As part of the recent macOS Big Sur release, Apple has included the ML Compute framework. ML Compute provides optimized mathematical libraries to improve training on CPU and GPU on both Intel and M1-based Macs, with up to a 7x improvement in training times using the TensorFlow deep-learning library.
Apple's Machine Learning blog gave a high-level overview of the ML Compute framework. ML Compute improves the performance of compute-graph-based deep-learning libraries such as TensorFlow by optimizing the graph itself and executing its primitives via accelerated libraries such as BNNS for CPU training and Metal Performance Shaders for the GPU. To take full advantage of ML Compute, Apple has provided a version of TensorFlow binaries targeted for the platform. Tests of the optimized TensorFlow library on several popular neural network benchmarks show "dramatically faster" training times compared to the standard code, with an up to 7x improvement for the optimized library on Apple's new M1 hardware.

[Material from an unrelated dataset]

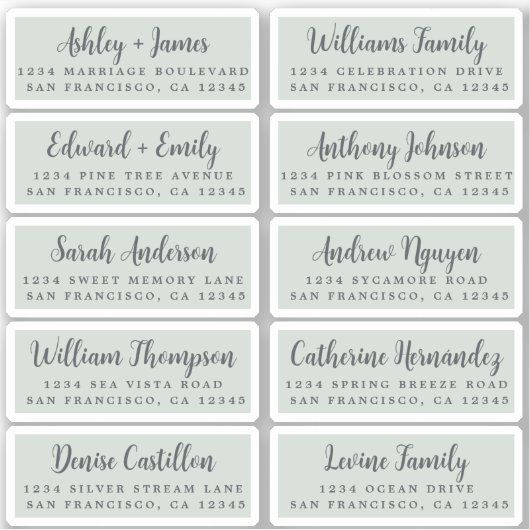 Postcard Calligraphy Wedding Guest Address Labels (Vorderseite)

Most deep-learning systems use a compute-graph-based framework such as TensorFlow or PyTorch. These systems describe a neural network as a series of linear algebra operations on multidimensional numeric arrays, or tensors. These operations can often be sped up markedly by the use of low-level, hardware-specific implementations. Even more performance gains are available by using GPU hardware to perform the operations, as GPUs are designed specifically for large-scale linear algebra.
However, GPU support in the deep-learning frameworks must be coded for a specific hardware platform's acceleration libraries. The two most popular deep-learning frameworks, TensorFlow and PyTorch, support NVIDIA's GPUs for acceleration via the CUDA toolkit. This poses a problem for deep-learning development on Macs. Apple has used Intel hardware for the integrated GPUs in the Mac since 2010, and while macOS does support an external GPU (eGPU), Apple's official documentation only recommends AMD-based hardware. Support for NVIDIA hardware is spotty, with reports of bugs and slow performance after OS upgrades. There are other solutions for deep-learning acceleration on the Mac, including PlaidML, but these have drawbacks such as difficult setup or lack of support for low-level TensorFlow APIs.

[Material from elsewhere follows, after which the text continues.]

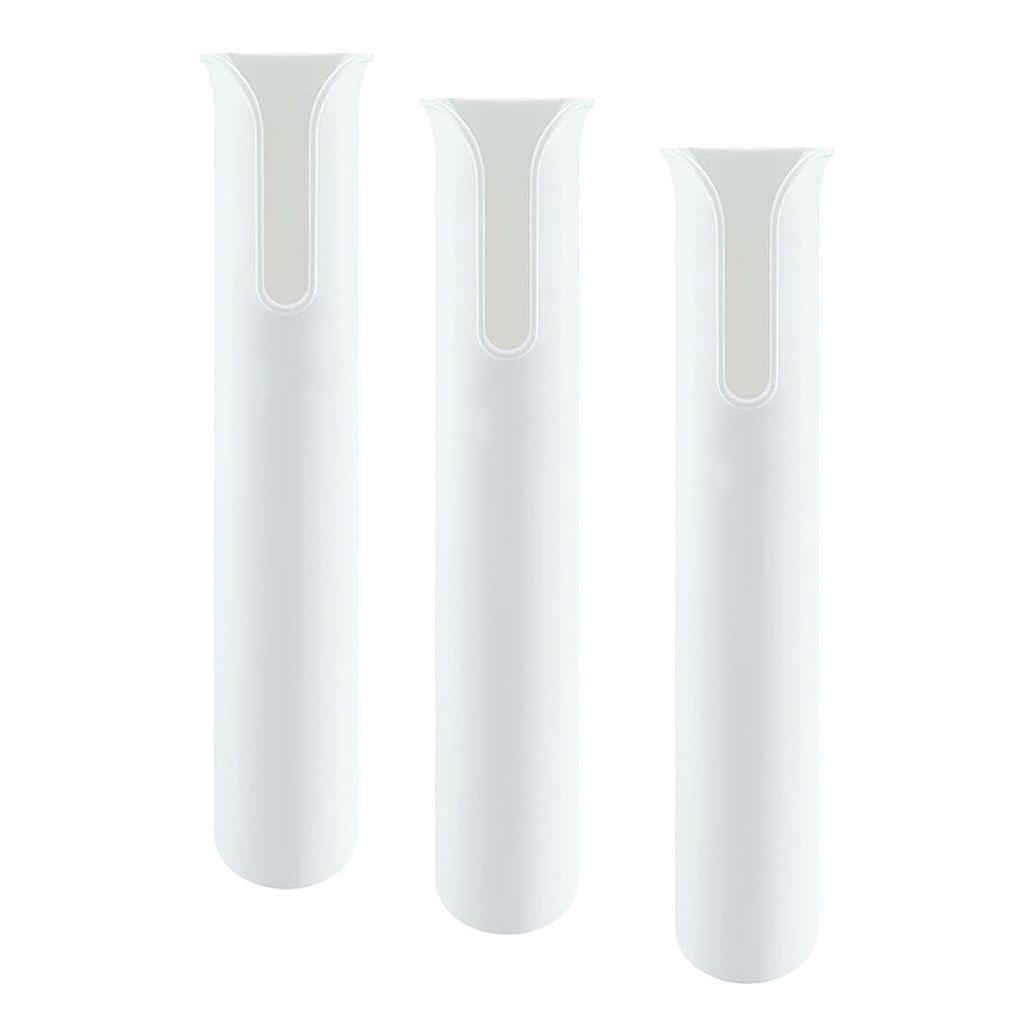 3xPlastic Fishing Rod Holder Boat Yacht 1 Pole Tube Rack Stand Bracket White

Recently Apple released the new M1 "system on a chip," which not only contains a built-in GPU, but also includes a 16-core "Neural Engine" which supports 11 trillion operations per second. Apple claims the Neural Engine will support up to 15x improvement in ML computation. Around the same time, Apple released Big Sur, the latest version of macOS, which contains the ML Compute framework. ML Compute wraps several low-level API calls for performing neural-network operations: BNNS on CPU and Metal Performance Shaders on GPU.

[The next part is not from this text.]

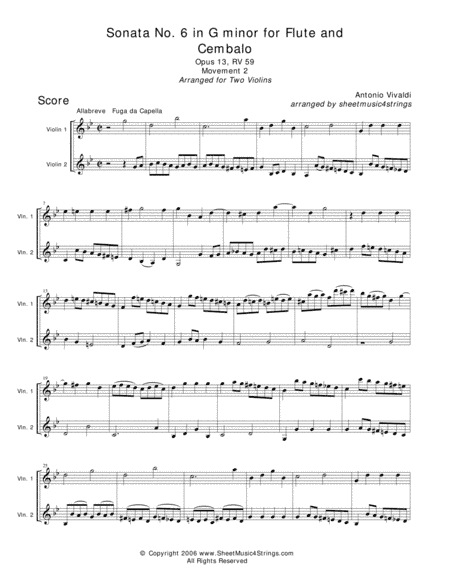 Vivaldi, A. - Sonata No. 1 Mvt. 2 for Two Violins (arr. Linda M. Scott)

Using a version of the TensorFlow framework compiled to target these APIs, Apple trained several common neural network models and compared training times to those obtained using a standard version of TensorFlow. Experiments were conducted on an Intel-based 2019 Mac Pro with an AMD GPU and on both an Intel-Based 2020 MacBook Pro with Intel GPU and an M1-based 2020 MacBook Pro. Apple did not provide raw numbers, but claims it is "up to 7x faster" on the M1 compared to the Intel MacBook, and the accompanying graphs show speedup of approximately an order of magnitude for some networks on the 2019 Mac Pro.
Image Source: https://blog.tensorflow.org/2020/11/accelerating-tensorflow-performance-on-mac.html
Users on Hacker News welcomed the announcement, noting the difficulty with workarounds such as PlaidML. On Twitter, machine-learning consultant Stephen Purpura reported good performance with the new M1 hardware, comparing it to NVIDIA's GPUs:
On my models currently in test, it’s like using a 1080 or 1080 TI. Given the benchmarks, it should be a little faster, so I will take a look at what might be causing the slowdown.
Apple's binaries for the accelerated TensorFlow library are available on GitHub. Although Apple has not yet released the source code, the TensorFlow blog mentions plans to integrate Apple's fork into the TensorFlow open-source mainline. The PyTorch team has not announced any plans for support of ML Compute or the M1 chip, although users have suggested this via GitHub issues.